YOUR INSTRUCTIONS:
Lines of the data that contain the word "Plastic" are the ones to copy.

RECORD EXCERPTS:
┌──

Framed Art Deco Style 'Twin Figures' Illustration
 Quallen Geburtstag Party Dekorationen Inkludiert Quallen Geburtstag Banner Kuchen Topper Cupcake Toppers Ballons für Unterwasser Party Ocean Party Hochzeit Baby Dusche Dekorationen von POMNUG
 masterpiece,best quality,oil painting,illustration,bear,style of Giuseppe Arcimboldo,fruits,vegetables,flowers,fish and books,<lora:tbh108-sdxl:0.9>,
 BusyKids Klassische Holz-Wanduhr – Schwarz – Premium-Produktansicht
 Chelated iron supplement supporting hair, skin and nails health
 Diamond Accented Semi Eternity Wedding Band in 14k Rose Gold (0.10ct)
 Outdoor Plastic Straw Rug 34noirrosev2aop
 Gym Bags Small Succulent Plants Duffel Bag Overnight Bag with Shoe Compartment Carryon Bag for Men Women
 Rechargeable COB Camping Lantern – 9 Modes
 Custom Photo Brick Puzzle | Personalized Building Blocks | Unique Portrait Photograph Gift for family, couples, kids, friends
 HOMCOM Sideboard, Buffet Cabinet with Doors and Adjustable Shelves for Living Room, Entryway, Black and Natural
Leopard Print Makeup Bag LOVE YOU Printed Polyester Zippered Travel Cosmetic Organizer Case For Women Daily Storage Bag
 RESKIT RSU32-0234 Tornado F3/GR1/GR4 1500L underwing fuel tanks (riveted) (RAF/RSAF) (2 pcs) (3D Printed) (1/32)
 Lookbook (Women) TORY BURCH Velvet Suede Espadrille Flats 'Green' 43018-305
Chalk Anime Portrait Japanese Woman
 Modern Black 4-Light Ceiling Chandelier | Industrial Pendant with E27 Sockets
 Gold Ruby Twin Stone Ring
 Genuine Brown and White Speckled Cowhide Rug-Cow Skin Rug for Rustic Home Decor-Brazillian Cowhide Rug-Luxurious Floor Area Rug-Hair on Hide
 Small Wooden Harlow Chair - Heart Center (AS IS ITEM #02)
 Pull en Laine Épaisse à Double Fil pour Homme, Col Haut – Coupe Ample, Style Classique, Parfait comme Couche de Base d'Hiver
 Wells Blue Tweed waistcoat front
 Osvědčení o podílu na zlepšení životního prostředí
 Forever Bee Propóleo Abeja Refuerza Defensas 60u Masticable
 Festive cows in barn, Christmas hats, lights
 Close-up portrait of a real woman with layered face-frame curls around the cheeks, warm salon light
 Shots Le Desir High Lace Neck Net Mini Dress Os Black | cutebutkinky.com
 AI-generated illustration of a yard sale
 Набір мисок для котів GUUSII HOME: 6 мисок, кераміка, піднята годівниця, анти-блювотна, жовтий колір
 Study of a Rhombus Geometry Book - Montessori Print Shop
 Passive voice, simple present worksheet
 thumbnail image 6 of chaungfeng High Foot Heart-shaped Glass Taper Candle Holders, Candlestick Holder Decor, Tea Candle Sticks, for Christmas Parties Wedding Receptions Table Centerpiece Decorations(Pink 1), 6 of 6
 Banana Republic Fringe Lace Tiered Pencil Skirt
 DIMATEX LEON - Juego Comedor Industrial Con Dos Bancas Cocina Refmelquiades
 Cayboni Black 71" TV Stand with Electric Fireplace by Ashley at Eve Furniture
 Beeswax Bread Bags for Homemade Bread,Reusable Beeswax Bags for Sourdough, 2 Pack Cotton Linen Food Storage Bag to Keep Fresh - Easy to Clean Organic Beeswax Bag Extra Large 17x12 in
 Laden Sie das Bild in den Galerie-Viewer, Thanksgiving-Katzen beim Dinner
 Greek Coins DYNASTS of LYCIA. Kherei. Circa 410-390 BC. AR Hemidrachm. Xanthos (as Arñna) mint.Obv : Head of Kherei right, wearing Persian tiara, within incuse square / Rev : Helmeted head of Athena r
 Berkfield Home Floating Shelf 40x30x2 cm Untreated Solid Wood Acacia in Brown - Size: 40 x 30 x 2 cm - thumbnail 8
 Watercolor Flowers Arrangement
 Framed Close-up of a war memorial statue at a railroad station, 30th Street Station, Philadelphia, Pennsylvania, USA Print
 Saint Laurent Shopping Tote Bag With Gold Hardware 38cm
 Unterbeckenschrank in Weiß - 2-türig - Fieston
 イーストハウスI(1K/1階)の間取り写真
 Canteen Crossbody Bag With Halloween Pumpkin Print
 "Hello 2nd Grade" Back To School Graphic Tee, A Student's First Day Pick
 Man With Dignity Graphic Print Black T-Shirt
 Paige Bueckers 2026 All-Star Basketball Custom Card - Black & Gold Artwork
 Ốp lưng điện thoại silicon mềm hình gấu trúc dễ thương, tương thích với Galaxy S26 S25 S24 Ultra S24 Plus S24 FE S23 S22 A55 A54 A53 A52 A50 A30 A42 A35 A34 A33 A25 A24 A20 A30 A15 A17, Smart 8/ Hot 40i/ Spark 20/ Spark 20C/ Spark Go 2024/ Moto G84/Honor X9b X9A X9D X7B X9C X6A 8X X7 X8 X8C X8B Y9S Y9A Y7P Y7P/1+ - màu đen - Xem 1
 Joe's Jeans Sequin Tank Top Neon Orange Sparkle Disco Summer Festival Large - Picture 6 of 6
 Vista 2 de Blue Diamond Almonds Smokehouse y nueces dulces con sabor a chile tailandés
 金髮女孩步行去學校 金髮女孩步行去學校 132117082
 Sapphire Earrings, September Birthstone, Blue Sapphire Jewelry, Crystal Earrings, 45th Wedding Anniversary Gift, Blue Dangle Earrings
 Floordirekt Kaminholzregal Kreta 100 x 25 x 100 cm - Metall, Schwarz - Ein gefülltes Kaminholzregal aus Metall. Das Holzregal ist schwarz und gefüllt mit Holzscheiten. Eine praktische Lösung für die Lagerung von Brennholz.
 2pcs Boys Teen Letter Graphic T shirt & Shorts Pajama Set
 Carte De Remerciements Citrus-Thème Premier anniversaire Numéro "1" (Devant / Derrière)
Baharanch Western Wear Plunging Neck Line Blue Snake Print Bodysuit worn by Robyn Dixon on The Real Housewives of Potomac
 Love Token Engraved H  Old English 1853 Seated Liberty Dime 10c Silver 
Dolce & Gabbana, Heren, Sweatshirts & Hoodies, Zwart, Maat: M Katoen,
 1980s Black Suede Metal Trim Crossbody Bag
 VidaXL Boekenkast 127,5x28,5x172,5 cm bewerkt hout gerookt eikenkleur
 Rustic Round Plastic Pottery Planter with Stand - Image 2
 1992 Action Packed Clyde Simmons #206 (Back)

└──

RESULT FOR THIS EXERCISE:
 Outdoor Plastic Straw Rug 34noirrosev2aop
 Rustic Round Plastic Pottery Planter with Stand - Image 2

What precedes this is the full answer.